California's redevelopment agencies bet their lives on one roll of the dice — and they came up snake eyes.
Gov. Jerry Brown and state legislators opted to abolish redevelopment agencies to help close a $25 billion budget deficit this fiscal year. The state expects to save $1.7 billion by halting the flow of local property tax revenue to redevelopment agencies.
Facing extinction, the agencies argued in court that the state Legislature lacks the legal authority to eliminate public agencies created by, well, the state Legislature.
The state Supreme Court wisely and appropriately rejected that argument in a 6-1 ruling handed down last week.
But that was only half of a stinging defeat for the state's 400 redevelopment agencies. The same decision overturned a companion law sparing redevelopment agencies that agreed to give up some of their revenue. As a result, the agencies will be limited to completing projects that already are under way.

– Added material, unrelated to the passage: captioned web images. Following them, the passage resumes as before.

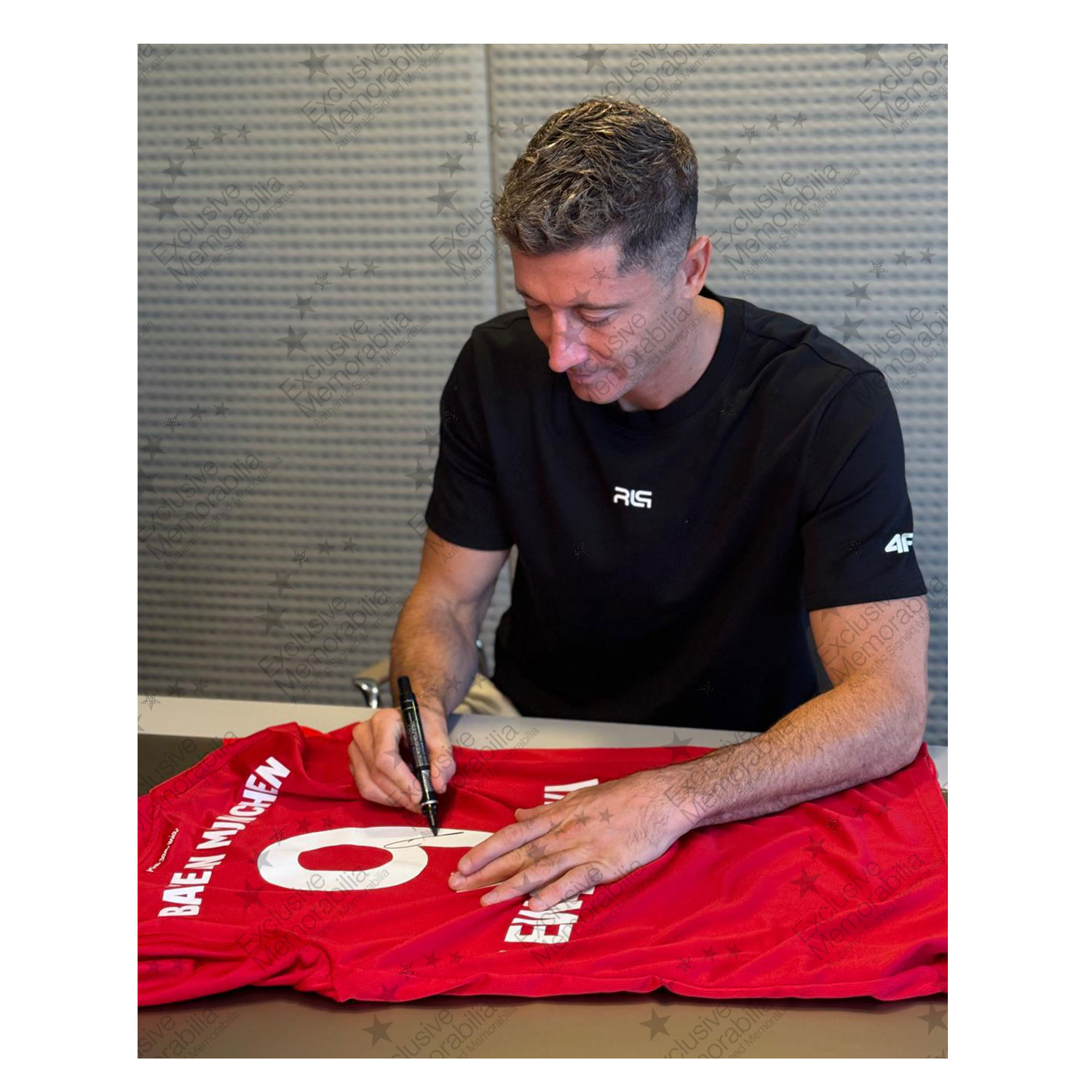 Robert Lewandowski Signed Bayern Munich 2019-20 Home Football Shirt. Icon Frame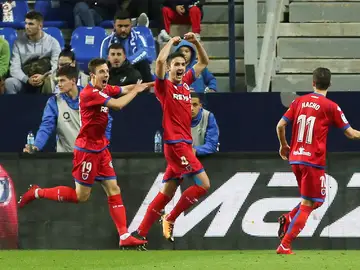 Los jugadores del Numancia celebran el gol que les dio el pase en La Rosaleda Los jugadores del Numancia celebran el gol que les dio el pase en La Rosaleda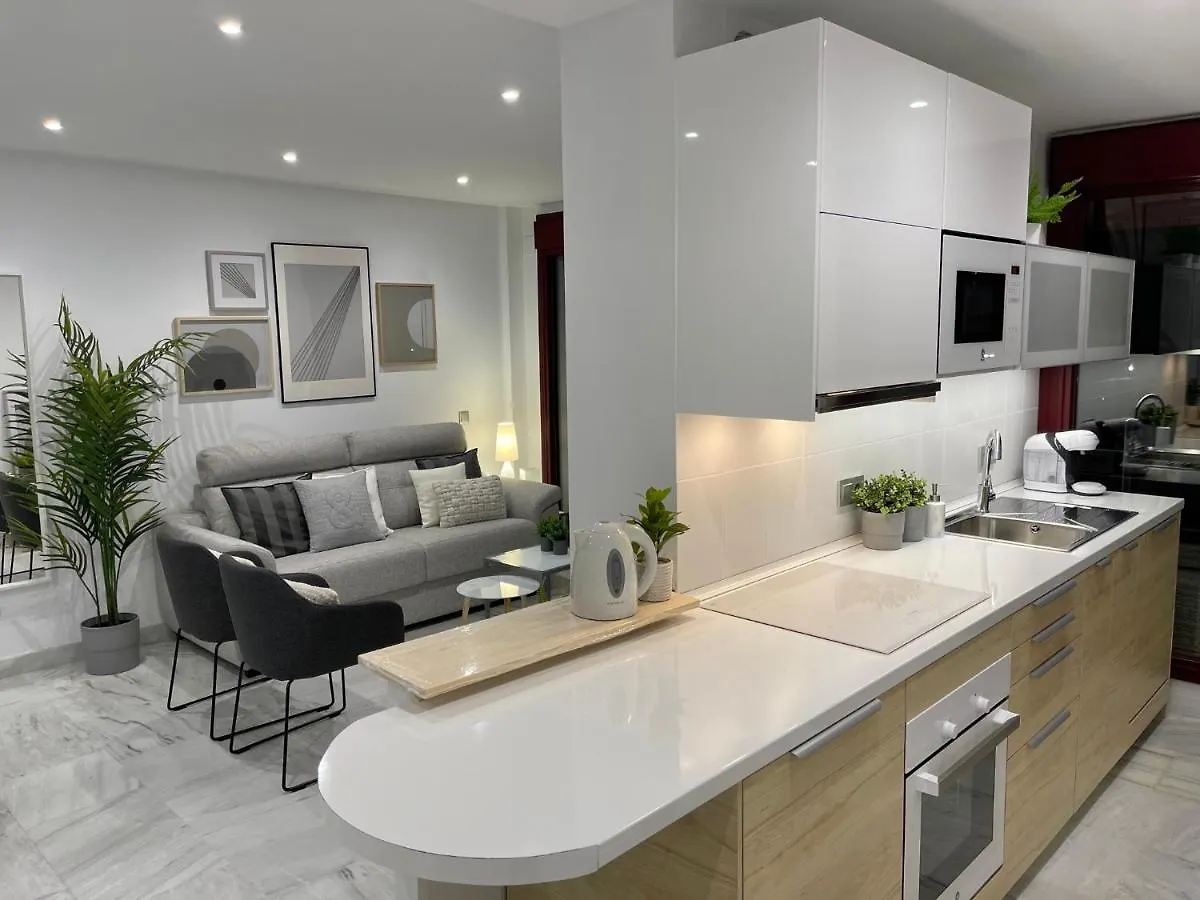 Apartment Design Cerca Puerto Banus Y Marbella Estepona 0*,  Spain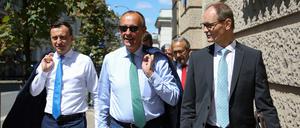 Friedrich Merz geht nach einem Treffen mit dem Vorsitzenden der polnischen Oppositionspartei in Warschau eine Straße entlang.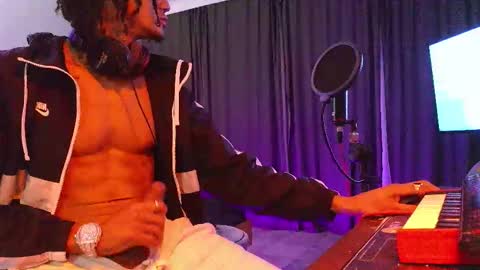 MAYKOL BROWN online show from 01/13/26, 01:44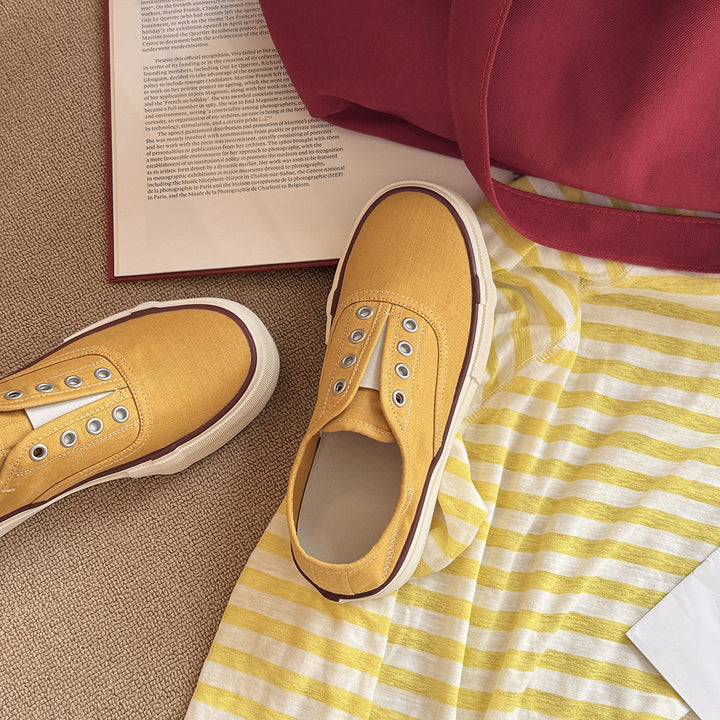 Femme Classic Canvas Slip-On Sneakers Stilla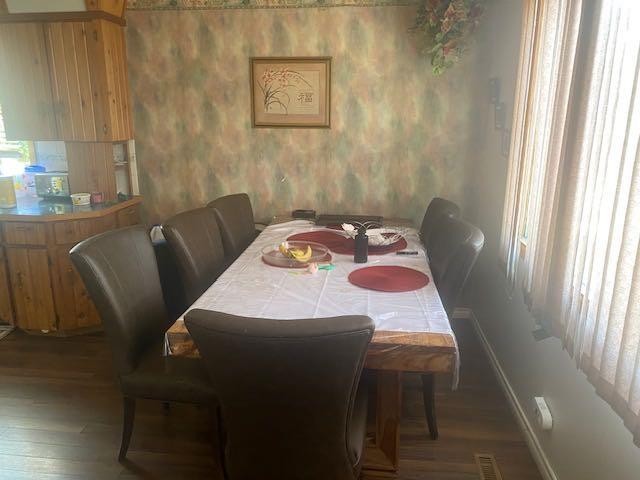 5325 53 Avenue, Bashaw, AB - Indoor Photo Showing Dining Room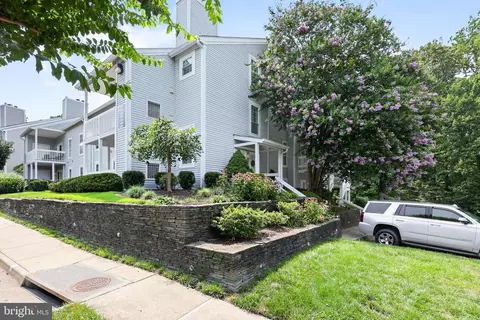 12078 Cardamom Dr, Woodbridge, VA 22192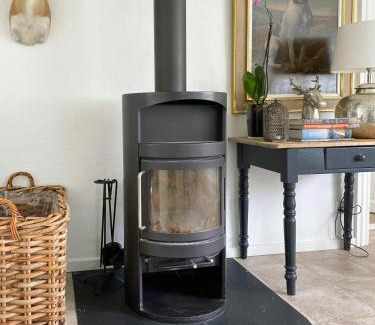 Hadsten House | Lodge With Private Lake Near Bidstrup Forest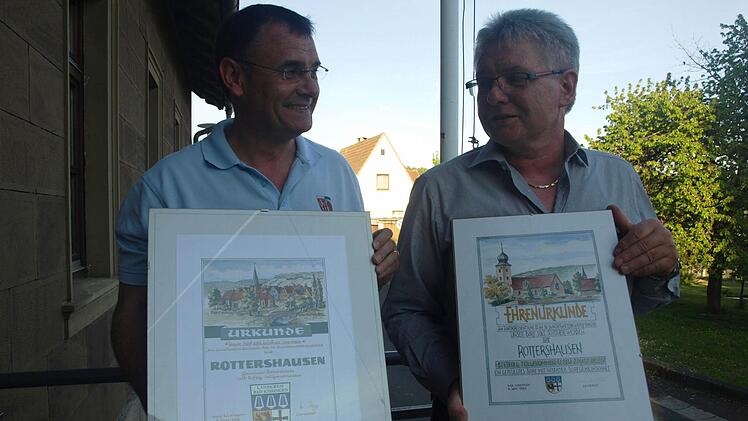 Robert Erhard (links) und Dieter Werner präsentierten die Urkunden aus den Jahren 1986 und 1994. Foto: Stefan Geiger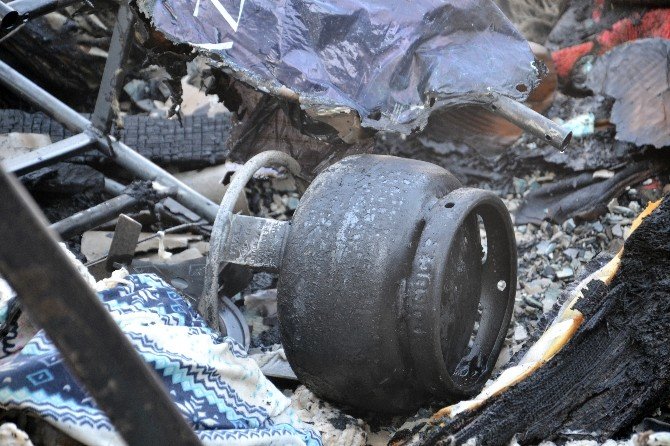 Aydın’da Soba Külü 35 Bin TL’yi Kül Etti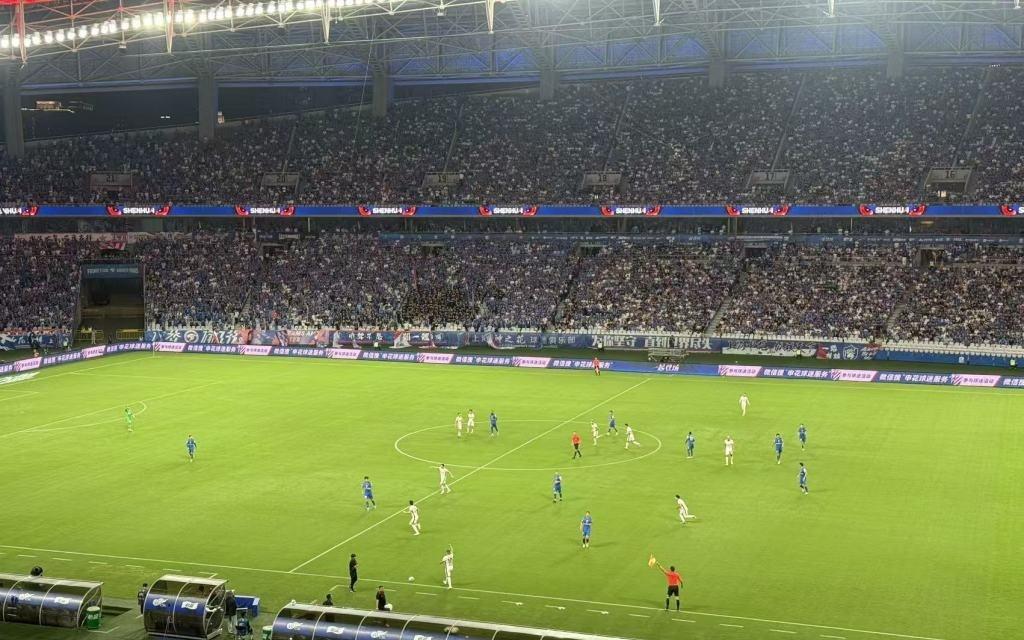 中超争冠最关键一夜，申花海港赢球，海港登顶榜首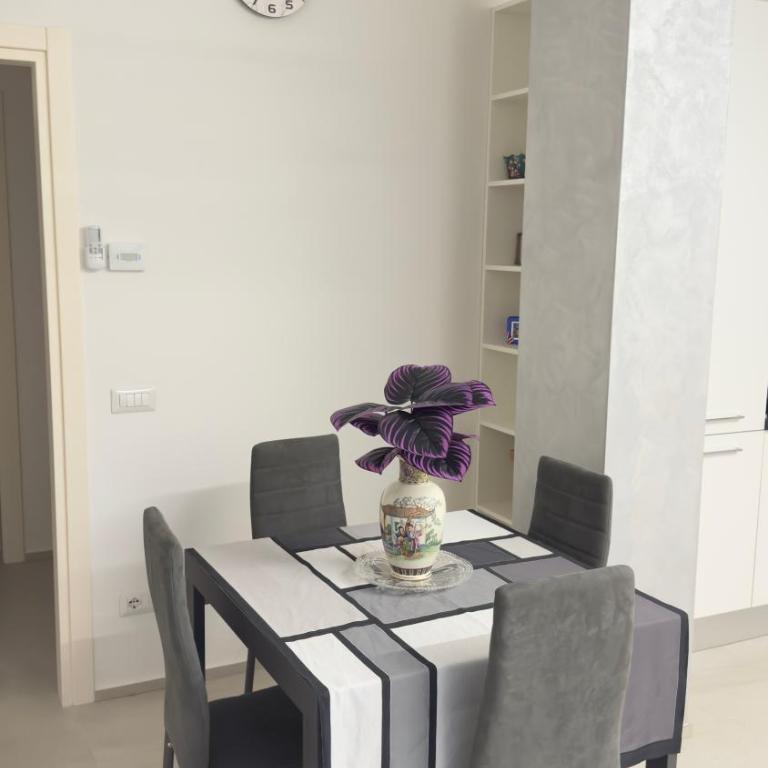 Riccione Beach Apartments - One-Bedroom Apartment - 11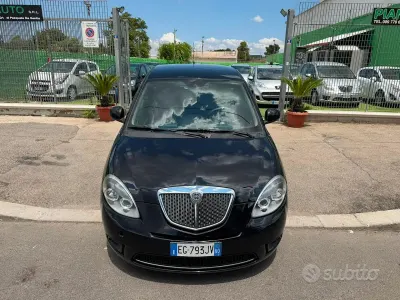 Usata Lancia Ypsilon 69 CV (50 kW) 2011 Nero Utilitaria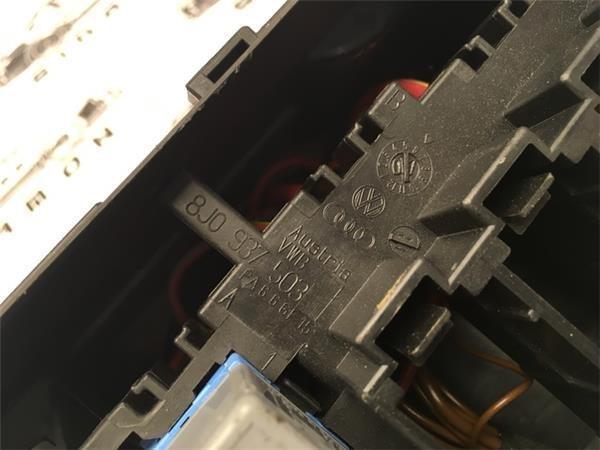 Caja fusibles audi tt 8j 8j0937503 - 8j0937503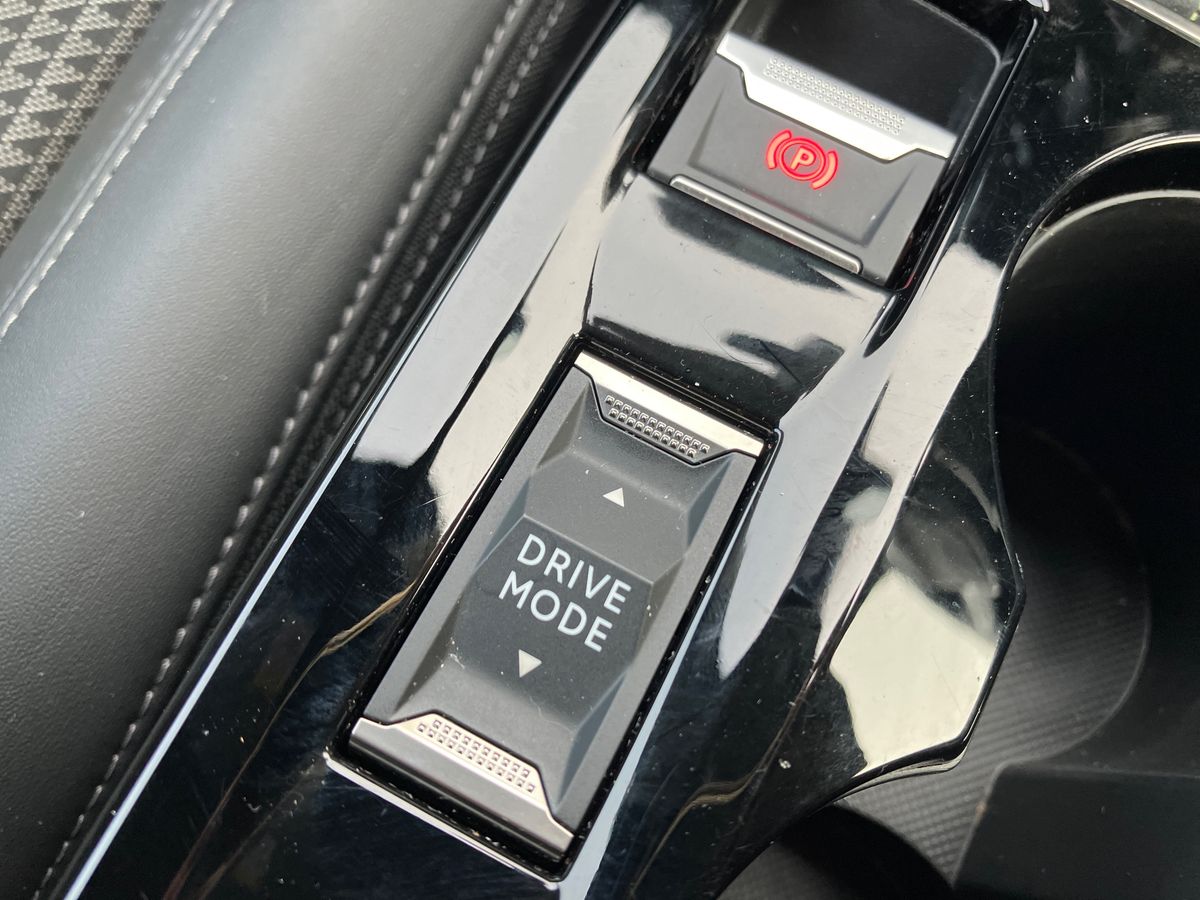 Used Peugeot 2008 2022 for sale - 76272395: Photo 37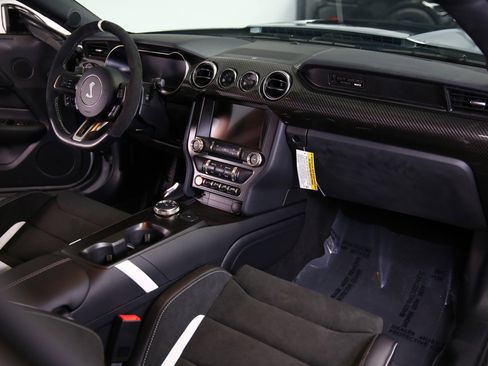 Used 2021 Ford Mustang Shelby GT500 w/ Carbon Fiber Track Pack RWD image 11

For cash-strapped counties and public schools, the Supreme Court ruling will pay off in some badly needed budget relief because redevelopment agencies now vacuum up 12 percent of property tax dollars statewide.
Beyond that, an opportunity remains for state and local officials to restore the best parts of redevelopment, a system that has too frequently strayed from its purpose: promoting economic development and affordable housing projects.
Redevelopment, a fixture in California for 66 years, is a powerful tool. It allows communities to sequester property taxes to pay for infrastructure improvements and even finance business loans to revitalize aging neighborhoods and combat blight. As redevelopment zones flower, property values increase, and rising tax receipts cover the costs.
Sonoma County's successes include Windsor's Town Green, Petaluma's Theatre District and Boyes Hot Springs, where a county redevelopment project lends money to refurbish storefronts along Highway 12.